Brief |
Look below for the line with "Hey guys, welcome"; begin the copy there and stop after the line with "Let's start. Today", keeping the text exact and the pictures out.

Dataset excerpts section start

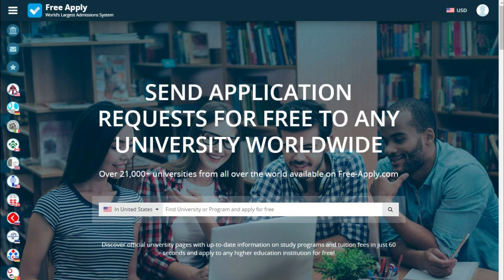Hello guys! Can you even imagine that you can apply for free to any university worldwide? If no, I and FreeApply can help you with it.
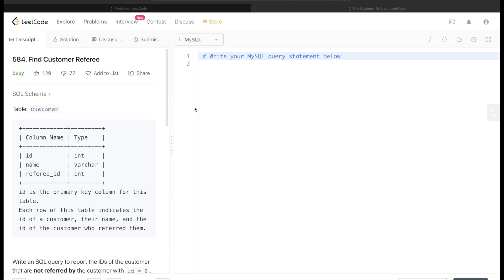Hey guys, welcome back to the channel. This channel, Everyday Data Science, is all about trying to learn the different concepts involved in data science by practicing a lot of questions. In this video, I am going to solve this question on LeetCode regarding Find Customer Referee and try to walk you through how we can develop queries in such questions.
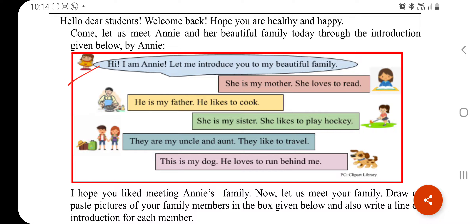Hi, I am Annie. Let me introduce you to my beautiful family. She is my mother — she loves to read.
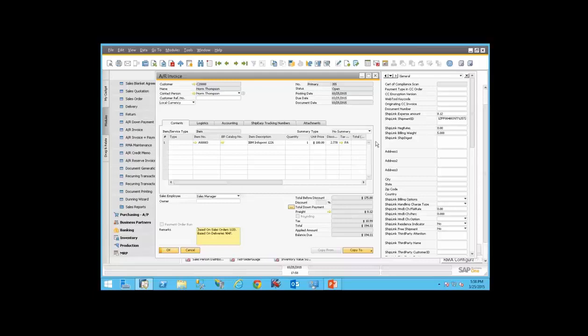That pretty much concludes the demonstration for web services shipping. As mentioned, there are a lot of features that can be used, including COD shipping, third-party, and international shipping. Pretty much whatever you can do with shipping, ShipEasy should be able to accomplish that as well.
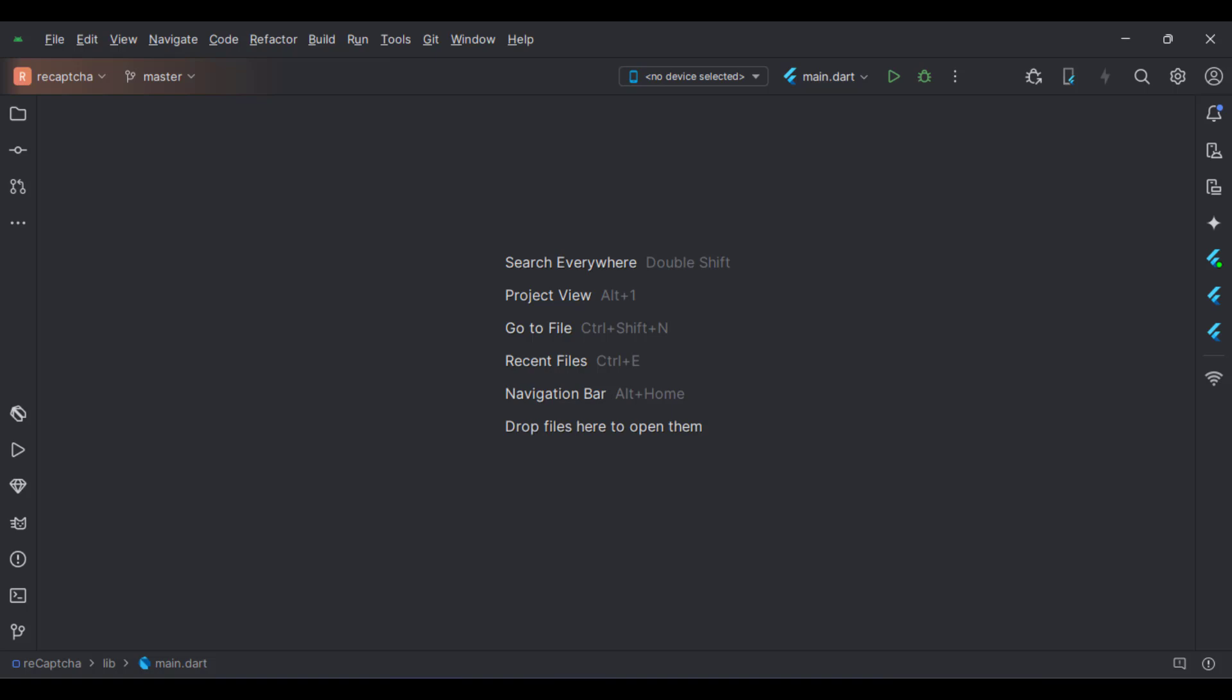Let's start. Today we will see how to implement reCAPTCHA validation in Flutter Android.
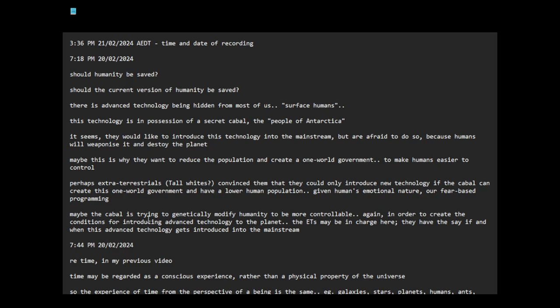Maybe the cabal is trying to genetically modify humanity to be more controllable, in order to create the conditions for introducing advanced technology to the planet. The ETs may be in charge here, they have the say if and when this advanced technology gets introduced, or the corporations are in charge and they're telling the government we'll only introduce the technology if you have the one-world government, only if the people are disarmed.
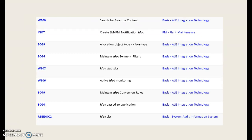WE09 is for search for IDOCs by content. INOT is for creating SM or PM notifications in the IDOC — that's plant maintenance notifications. BD59 is for allocation object types. BD56 is for maintaining IDOC based on segment filters. WE07 is for IDOC statistics. WE06 is for active IDOC monitoring. BD79 is for maintaining IDOC conversion rules. BD20 is for IDOC passed to application. RSEIDOC2 is for IDOC list.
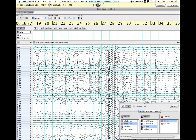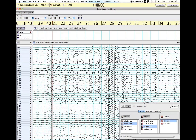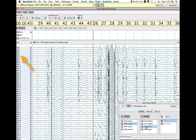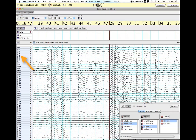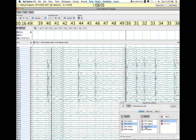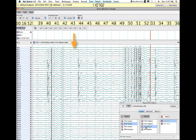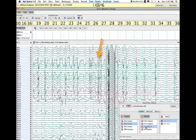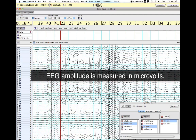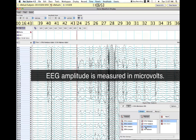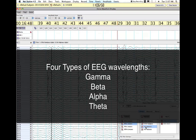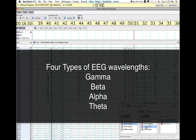This is what EEG data looks like as it's been recorded on the data acquisition computer. The numbers down the left side correspond to the electrodes on the EEG cap. The tiny amplitudes represent brain activity, while the larger amplitudes represent muscle movement such as eye movement recorded on the EOG electrodes. EEG amplitude is typically measured in microvolts, and the wavelengths are divided into four main groups determined by their frequency oscillations.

Dataset excerpts section end

Written answer |
Hey guys, welcome back to the channel. This channel, Everyday Data Science, is all about trying to learn the different concepts involved in data science by practicing a lot of questions. In this video, I am going to solve this question on LeetCode regarding Find Customer Referee and try to walk you through how we can develop queries in such questions.
Hi, I am Annie. Let me introduce you to my beautiful family. She is my mother — she loves to read.
That pretty much concludes the demonstration for web services shipping. As mentioned, there are a lot of features that can be used, including COD shipping, third-party, and international shipping. Pretty much whatever you can do with shipping, ShipEasy should be able to accomplish that as well.
Let's start. Today we will see how to implement reCAPTCHA validation in Flutter Android.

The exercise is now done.